--- WHAT TO PRODUCE ---
For the entries that follow, tally the lines holding the string "with". Give the total and nothing else.

*** Opening of DATA SHOWN ***

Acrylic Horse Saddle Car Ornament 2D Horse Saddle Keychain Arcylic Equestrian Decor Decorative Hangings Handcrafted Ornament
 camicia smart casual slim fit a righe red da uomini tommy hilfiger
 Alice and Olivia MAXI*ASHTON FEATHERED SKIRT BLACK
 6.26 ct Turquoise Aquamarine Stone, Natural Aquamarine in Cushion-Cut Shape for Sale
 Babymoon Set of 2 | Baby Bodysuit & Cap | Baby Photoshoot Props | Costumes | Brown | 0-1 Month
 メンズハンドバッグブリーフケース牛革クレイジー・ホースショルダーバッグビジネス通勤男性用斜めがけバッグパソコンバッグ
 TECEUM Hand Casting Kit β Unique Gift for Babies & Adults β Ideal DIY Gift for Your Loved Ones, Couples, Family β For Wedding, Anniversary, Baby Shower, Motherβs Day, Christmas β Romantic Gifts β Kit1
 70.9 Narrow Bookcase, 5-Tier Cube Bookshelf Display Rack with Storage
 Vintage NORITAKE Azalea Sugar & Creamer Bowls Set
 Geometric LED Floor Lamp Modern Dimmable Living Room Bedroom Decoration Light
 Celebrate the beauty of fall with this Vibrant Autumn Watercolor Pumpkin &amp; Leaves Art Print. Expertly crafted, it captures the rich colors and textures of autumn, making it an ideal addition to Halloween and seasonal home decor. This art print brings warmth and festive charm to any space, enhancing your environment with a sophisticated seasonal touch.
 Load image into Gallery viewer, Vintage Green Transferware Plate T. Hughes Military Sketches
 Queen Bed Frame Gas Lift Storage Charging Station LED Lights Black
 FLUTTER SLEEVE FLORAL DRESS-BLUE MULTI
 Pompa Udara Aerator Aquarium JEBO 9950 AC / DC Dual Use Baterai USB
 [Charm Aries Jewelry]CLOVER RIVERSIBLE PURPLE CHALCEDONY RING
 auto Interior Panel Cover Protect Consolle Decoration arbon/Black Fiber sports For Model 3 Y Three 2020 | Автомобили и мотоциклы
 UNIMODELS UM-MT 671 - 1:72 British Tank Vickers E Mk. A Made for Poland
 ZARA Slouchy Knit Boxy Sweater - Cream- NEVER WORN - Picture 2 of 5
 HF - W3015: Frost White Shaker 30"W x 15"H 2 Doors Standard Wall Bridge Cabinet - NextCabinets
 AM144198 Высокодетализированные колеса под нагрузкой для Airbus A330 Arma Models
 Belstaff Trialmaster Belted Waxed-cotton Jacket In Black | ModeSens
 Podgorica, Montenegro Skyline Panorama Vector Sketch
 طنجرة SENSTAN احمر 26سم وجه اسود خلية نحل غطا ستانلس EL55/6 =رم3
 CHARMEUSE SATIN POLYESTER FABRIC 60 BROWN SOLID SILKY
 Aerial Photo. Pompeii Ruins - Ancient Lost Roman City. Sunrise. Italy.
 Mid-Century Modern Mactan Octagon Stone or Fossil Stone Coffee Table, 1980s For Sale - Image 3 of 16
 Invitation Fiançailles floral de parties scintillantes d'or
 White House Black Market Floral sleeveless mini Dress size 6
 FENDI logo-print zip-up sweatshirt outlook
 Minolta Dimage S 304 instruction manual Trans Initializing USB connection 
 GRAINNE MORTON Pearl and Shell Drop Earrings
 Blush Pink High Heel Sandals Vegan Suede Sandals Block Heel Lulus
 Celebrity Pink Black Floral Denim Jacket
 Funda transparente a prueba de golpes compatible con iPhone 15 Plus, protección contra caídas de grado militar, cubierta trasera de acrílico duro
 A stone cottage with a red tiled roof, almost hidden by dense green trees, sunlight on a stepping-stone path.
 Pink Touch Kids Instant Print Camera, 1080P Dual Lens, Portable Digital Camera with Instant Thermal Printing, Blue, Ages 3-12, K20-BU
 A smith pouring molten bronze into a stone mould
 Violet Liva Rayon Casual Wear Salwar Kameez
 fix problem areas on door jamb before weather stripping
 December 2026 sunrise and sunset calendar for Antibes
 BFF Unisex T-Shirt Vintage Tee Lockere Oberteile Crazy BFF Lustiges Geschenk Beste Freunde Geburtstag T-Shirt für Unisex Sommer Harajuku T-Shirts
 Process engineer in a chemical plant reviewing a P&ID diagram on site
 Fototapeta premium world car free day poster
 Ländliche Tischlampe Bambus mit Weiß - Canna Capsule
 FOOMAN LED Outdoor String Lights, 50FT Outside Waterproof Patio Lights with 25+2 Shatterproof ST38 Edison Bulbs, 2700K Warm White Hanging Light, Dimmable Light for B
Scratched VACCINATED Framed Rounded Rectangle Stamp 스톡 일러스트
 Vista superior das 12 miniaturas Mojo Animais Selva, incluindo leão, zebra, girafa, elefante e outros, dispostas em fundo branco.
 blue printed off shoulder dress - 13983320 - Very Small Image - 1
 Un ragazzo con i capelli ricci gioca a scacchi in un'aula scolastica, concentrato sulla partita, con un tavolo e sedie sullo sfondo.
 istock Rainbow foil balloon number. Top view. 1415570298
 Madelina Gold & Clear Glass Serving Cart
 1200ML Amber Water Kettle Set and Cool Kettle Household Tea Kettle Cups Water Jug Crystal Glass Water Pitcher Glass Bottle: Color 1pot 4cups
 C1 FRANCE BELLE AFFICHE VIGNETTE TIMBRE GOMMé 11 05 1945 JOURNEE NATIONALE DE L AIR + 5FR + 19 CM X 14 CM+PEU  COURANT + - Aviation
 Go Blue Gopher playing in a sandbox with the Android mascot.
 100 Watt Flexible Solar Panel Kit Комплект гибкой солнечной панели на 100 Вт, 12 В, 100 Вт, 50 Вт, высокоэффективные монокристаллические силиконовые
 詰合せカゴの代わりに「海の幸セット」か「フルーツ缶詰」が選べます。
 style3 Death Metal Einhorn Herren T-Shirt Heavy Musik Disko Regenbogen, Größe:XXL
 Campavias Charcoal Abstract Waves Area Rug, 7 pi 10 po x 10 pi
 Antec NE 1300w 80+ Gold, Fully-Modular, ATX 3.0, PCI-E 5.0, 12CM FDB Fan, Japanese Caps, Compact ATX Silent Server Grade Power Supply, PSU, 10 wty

*** Close of DATA SHOWN ***

--- TASK SOLUTION ---
6